# What to do
None of the images should appear in your copy. Transcribe the data in full.

# Data extract
================================

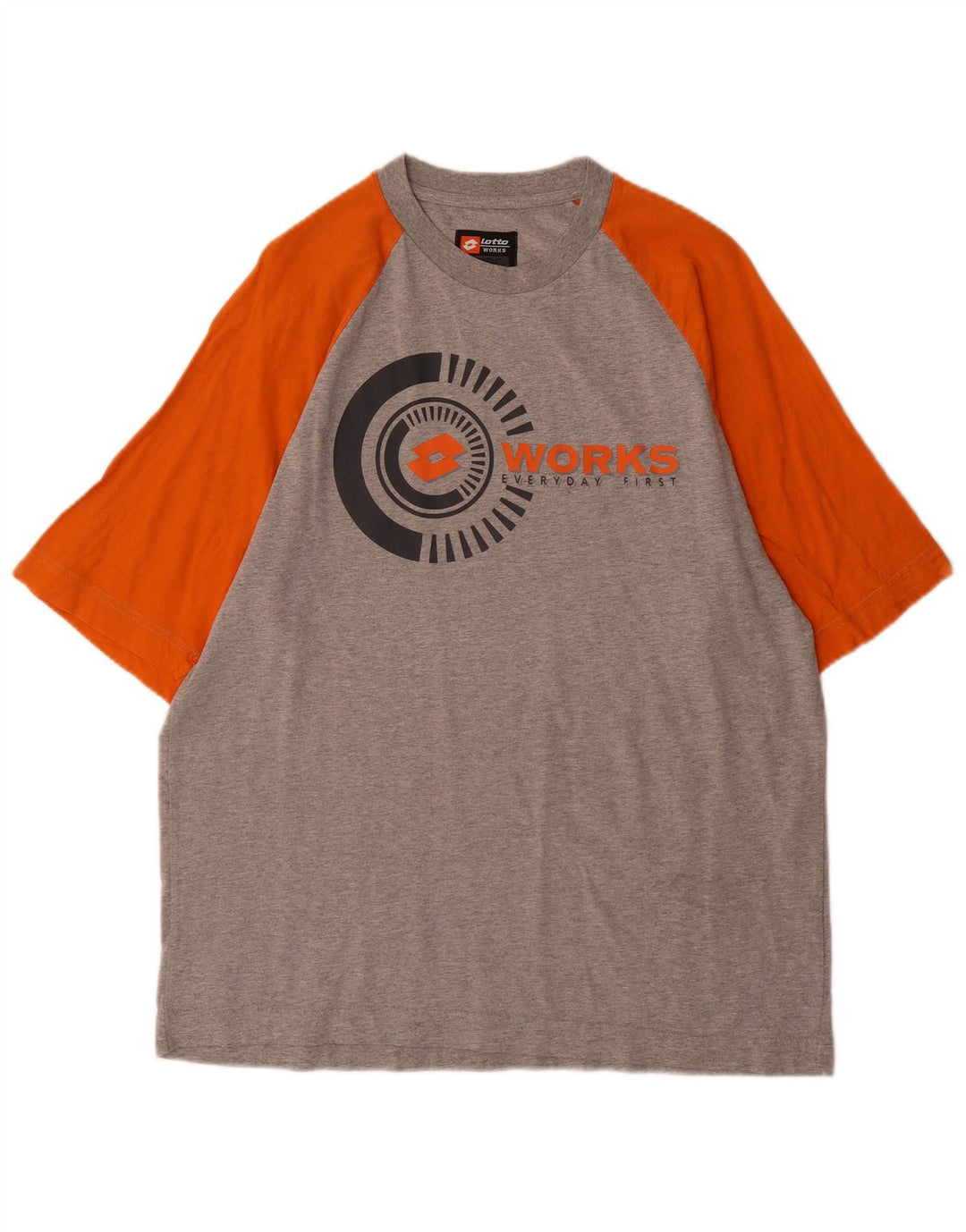 Lotto Mens Graphic T-Shirt Top Large Grey Colourblock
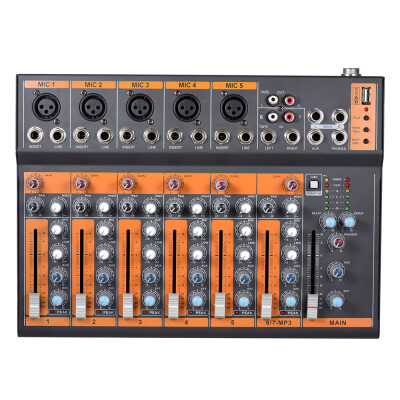 

Portable 7-Channel Mic Line Audio Mixer Mixing Console 3-band EQ USB Interface 48V Phantom Power with Power Adapter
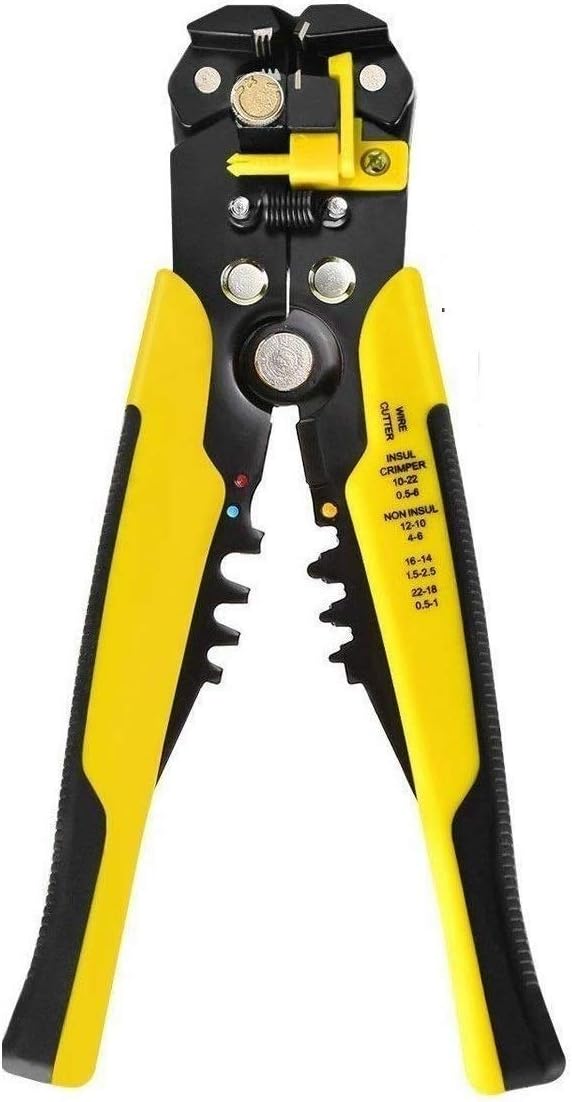 8-Inch Self-Adjusting Automatic Wire Cable Cutter Crimper I 5 in 1 Multipurpose Tool Wire Stripping Cutting Pliers, 10-24 AWG (0.2~6.0mm² - Yellow)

================================

# Task output
 Lotto Mens Graphic T-Shirt Top Large Grey Colourblock

Portable 7-Channel Mic Line Audio Mixer Mixing Console 3-band EQ USB Interface 48V Phantom Power with Power Adapter
 8-Inch Self-Adjusting Automatic Wire Cable Cutter Crimper I 5 in 1 Multipurpose Tool Wire Stripping Cutting Pliers, 10-24 AWG (0.2~6.0mm² - Yellow)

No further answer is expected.